Author and activist Rachel Cargle wrote about her choice to be child-free in an Instagram post. Her explanation (although she doesn’t owe anyone a justification) shows the complexities behind the decision.
She mentions the benefits: “Hello spontaneous travel, disposable income and sweet solitude & silence!” But there are also underlying shadows, as she calls them, like “no built-in nuclear family, missing out on the indulgent child based aspects of life, considering my lifestyle when I may get too old to care for myself.”
She concludes that for her, the pros far outweigh the cons. She’s able to help raise the children in her community and gets to be intentional about how she spends her time.
The reasons women choose to have children are just as varied as those who don’t want any.
“There doesn’t appear to be one ‘maternal instinct,’ and not just because half of all pregnancies are unplanned,” explains writer Olga Khazan in The Atlantic. “For some, parenthood is a hard-boiled belief; for others, it’s a switch that flips after a crisis. Other times, it’s just a feeling you get.”
One major factor that has changed in the past several decades is that women who are having children are doing it later in life. First-time mothers in 2019 were around 29 years old when they gave birth, compared to 23 years old in 1959.
“This trend...coincides with increased participation for women aged 25 to 54 years in the workforce and a rise in university-educated women,” according to the Statistics Canada report.
But just because someone chooses parenthood, it doesn’t mean it comes easily or naturally.
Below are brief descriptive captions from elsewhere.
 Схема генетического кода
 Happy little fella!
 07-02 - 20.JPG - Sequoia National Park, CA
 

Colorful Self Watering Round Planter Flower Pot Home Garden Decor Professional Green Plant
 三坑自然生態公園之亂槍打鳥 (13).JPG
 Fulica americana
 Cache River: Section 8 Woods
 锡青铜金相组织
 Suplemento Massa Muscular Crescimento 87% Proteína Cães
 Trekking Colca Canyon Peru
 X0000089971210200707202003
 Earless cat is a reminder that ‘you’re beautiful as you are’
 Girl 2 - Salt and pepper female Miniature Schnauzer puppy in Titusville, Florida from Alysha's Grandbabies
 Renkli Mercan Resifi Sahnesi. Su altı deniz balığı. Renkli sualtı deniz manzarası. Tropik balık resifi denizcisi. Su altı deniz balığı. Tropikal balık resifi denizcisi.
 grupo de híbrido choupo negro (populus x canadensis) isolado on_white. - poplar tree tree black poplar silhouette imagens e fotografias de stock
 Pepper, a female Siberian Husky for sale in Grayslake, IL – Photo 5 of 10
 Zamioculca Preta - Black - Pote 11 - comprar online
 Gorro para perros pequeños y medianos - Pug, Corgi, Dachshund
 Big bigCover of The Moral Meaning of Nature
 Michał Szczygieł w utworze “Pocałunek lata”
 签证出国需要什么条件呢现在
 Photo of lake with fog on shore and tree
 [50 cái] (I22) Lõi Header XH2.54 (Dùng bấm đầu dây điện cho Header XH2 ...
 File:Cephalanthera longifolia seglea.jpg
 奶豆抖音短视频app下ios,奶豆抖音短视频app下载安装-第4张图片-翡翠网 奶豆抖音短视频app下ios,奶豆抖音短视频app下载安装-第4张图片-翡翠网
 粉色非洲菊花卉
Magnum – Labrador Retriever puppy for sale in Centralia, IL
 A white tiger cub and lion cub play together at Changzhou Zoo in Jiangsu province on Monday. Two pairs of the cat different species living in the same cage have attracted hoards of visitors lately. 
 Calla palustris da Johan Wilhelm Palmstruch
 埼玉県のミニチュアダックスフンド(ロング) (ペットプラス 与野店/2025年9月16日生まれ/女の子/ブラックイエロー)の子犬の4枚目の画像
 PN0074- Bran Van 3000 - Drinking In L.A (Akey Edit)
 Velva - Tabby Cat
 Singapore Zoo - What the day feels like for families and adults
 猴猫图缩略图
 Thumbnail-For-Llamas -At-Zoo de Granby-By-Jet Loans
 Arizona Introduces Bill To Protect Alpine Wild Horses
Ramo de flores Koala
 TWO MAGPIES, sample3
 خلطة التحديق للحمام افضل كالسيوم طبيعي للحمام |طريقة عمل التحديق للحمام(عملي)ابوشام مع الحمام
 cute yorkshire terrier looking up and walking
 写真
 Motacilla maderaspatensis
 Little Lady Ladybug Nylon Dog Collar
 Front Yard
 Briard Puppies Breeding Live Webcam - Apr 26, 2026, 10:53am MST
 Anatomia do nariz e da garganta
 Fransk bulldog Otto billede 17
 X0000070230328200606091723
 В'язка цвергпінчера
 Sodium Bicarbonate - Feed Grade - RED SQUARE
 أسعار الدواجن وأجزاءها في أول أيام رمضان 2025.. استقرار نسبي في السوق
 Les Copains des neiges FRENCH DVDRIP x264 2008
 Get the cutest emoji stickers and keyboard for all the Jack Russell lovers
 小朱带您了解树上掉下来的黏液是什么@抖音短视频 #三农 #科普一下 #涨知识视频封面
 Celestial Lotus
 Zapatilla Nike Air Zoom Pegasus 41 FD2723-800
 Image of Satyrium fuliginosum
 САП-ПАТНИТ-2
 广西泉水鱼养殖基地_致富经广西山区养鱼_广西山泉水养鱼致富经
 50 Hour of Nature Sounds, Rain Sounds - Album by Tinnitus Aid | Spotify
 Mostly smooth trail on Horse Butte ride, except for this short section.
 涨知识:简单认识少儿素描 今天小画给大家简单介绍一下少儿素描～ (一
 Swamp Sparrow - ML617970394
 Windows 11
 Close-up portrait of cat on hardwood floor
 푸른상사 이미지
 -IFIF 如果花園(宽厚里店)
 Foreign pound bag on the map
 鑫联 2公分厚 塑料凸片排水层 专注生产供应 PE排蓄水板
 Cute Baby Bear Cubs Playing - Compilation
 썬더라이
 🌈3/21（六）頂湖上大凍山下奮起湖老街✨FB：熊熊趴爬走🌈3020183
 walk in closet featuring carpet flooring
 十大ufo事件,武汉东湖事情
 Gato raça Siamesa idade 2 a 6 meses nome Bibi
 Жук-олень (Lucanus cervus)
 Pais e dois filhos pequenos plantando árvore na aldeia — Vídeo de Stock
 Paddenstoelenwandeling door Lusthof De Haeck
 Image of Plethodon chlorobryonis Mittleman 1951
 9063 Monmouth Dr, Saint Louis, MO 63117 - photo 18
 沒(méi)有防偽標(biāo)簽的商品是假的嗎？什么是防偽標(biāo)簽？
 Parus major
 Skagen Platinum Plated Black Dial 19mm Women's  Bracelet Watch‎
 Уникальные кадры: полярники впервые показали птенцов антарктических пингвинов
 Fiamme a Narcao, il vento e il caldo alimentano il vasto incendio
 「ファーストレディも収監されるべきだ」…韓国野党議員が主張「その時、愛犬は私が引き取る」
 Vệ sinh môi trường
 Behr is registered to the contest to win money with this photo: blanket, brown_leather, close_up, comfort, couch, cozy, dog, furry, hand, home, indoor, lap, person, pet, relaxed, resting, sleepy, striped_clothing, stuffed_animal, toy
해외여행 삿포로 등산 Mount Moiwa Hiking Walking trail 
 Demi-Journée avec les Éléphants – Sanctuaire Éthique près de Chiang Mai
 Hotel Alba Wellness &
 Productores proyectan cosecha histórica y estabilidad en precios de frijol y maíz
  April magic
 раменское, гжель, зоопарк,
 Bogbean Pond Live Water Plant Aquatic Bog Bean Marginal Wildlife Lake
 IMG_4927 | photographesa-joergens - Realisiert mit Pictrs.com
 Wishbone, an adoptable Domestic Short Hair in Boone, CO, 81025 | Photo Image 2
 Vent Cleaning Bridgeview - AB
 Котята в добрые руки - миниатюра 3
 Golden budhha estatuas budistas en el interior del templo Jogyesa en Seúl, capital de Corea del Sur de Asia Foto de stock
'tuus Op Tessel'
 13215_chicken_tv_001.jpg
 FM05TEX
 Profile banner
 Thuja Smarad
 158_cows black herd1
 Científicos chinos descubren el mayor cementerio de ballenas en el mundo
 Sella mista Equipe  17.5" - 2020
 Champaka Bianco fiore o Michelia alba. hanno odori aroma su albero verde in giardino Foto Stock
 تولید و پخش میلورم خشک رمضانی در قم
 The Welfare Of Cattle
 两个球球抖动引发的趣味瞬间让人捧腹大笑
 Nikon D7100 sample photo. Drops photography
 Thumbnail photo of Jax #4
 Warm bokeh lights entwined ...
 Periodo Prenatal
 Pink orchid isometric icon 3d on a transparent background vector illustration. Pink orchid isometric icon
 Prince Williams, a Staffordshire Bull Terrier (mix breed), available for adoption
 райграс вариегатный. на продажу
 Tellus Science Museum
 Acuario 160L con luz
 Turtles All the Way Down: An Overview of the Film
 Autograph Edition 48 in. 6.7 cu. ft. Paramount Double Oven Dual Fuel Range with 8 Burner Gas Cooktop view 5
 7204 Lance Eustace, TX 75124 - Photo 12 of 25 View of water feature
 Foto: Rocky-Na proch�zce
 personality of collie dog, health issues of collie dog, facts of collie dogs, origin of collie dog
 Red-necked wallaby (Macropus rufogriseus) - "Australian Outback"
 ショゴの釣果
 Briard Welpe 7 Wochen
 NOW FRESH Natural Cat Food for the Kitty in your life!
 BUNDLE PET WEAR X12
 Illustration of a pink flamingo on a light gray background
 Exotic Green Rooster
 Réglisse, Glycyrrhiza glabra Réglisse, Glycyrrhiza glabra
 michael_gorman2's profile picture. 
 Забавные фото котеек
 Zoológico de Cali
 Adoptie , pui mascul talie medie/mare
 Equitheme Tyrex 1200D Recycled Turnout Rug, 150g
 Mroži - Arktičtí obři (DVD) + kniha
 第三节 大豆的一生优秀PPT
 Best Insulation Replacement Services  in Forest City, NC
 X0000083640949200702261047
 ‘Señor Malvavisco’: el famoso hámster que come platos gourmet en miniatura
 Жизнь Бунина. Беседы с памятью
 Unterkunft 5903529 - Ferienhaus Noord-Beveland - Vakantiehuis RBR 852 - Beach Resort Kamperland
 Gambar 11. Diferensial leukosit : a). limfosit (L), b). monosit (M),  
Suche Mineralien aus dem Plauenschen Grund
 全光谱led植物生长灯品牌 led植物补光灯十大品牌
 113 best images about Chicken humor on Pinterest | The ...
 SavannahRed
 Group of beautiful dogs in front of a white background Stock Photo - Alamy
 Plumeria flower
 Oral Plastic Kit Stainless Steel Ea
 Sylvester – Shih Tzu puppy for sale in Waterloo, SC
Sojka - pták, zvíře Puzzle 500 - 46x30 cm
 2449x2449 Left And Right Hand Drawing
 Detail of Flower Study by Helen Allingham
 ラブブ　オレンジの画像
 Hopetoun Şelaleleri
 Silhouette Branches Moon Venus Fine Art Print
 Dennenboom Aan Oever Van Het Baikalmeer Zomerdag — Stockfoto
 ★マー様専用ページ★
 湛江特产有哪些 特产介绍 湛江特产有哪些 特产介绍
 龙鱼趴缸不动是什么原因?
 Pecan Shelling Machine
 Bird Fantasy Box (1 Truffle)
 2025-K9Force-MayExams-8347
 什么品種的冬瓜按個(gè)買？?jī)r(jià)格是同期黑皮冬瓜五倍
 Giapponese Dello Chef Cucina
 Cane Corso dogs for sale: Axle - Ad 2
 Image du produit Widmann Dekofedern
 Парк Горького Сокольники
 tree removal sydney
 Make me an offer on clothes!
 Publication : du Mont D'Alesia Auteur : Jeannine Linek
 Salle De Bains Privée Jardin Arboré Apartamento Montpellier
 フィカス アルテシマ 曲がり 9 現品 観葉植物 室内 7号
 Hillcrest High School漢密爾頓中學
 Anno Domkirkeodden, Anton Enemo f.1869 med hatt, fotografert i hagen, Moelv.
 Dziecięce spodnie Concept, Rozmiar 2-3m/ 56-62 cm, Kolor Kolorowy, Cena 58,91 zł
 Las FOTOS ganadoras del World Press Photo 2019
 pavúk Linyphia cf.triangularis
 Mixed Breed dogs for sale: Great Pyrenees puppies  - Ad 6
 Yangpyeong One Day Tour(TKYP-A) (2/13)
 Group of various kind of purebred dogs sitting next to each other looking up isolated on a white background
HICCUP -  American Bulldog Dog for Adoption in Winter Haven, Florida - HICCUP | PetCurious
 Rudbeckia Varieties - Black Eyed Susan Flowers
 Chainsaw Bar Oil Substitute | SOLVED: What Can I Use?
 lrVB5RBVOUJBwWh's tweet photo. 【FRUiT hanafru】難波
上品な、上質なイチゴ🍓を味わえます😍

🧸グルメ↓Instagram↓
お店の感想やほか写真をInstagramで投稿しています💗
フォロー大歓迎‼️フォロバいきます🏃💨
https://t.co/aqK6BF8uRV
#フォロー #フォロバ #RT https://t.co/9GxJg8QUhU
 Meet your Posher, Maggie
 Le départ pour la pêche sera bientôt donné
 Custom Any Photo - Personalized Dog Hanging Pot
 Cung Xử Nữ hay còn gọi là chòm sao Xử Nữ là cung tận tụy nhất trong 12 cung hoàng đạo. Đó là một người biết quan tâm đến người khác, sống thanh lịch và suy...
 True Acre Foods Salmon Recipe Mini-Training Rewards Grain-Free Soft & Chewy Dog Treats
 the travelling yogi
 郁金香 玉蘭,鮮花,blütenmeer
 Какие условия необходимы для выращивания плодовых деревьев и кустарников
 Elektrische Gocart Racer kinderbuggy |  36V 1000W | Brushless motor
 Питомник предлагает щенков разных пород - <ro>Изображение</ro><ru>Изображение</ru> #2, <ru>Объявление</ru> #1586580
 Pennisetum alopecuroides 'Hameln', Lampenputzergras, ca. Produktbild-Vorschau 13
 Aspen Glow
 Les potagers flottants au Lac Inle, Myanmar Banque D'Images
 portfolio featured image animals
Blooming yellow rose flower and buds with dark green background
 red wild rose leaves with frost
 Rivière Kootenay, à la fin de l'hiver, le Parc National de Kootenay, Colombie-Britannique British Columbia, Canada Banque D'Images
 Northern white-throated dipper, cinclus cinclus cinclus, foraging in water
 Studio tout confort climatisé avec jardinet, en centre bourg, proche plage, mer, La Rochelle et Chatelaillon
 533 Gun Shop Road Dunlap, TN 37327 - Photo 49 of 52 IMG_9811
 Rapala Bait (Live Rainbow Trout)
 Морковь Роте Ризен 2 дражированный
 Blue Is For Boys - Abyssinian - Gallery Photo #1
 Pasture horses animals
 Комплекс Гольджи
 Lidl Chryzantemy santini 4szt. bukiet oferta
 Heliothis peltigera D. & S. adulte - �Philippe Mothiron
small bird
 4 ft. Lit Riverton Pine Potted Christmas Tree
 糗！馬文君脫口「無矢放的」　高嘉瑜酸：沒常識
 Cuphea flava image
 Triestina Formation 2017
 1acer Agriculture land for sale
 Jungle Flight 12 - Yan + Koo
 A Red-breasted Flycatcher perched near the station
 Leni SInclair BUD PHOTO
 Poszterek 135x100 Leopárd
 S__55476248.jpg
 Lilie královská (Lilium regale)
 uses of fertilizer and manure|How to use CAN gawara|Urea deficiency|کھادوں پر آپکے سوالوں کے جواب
The feelings surrounding it aren’t linear. Some mothers are opening up about their regrets and smashing the stigma of being a picture-perfect parent.
“The reality of motherhood is incontinence, boredom, weight gain, saggy breasts, depression, the end of romance, lack of sleep, dumbing down, career downturn, loss of sex drive, poverty, exhaustion and lack of fulfillment,” German writer Sarah Fischer wrote in her book, The Myth of Mothering Joy.
Columnist Anne Kingston explored the topic in a MacLean’s article. She discovered that learning about regretful mothers “upends binary thinking that women who regret having children must be neglectful or substandard parents: it’s motherhood these women regret, not the children.”
None of this should take away from the joy, happiness and purpose that motherhood can offer. But certain perspectives—like the regretful mother or the woman who doesn’t want children—have been lacking from the discussion. Self-worth shouldn’t be tied to whether or not you have children. And especially on a day that celebrates mothers, we should also recognize that some women cannot be mothers, or choose not to be.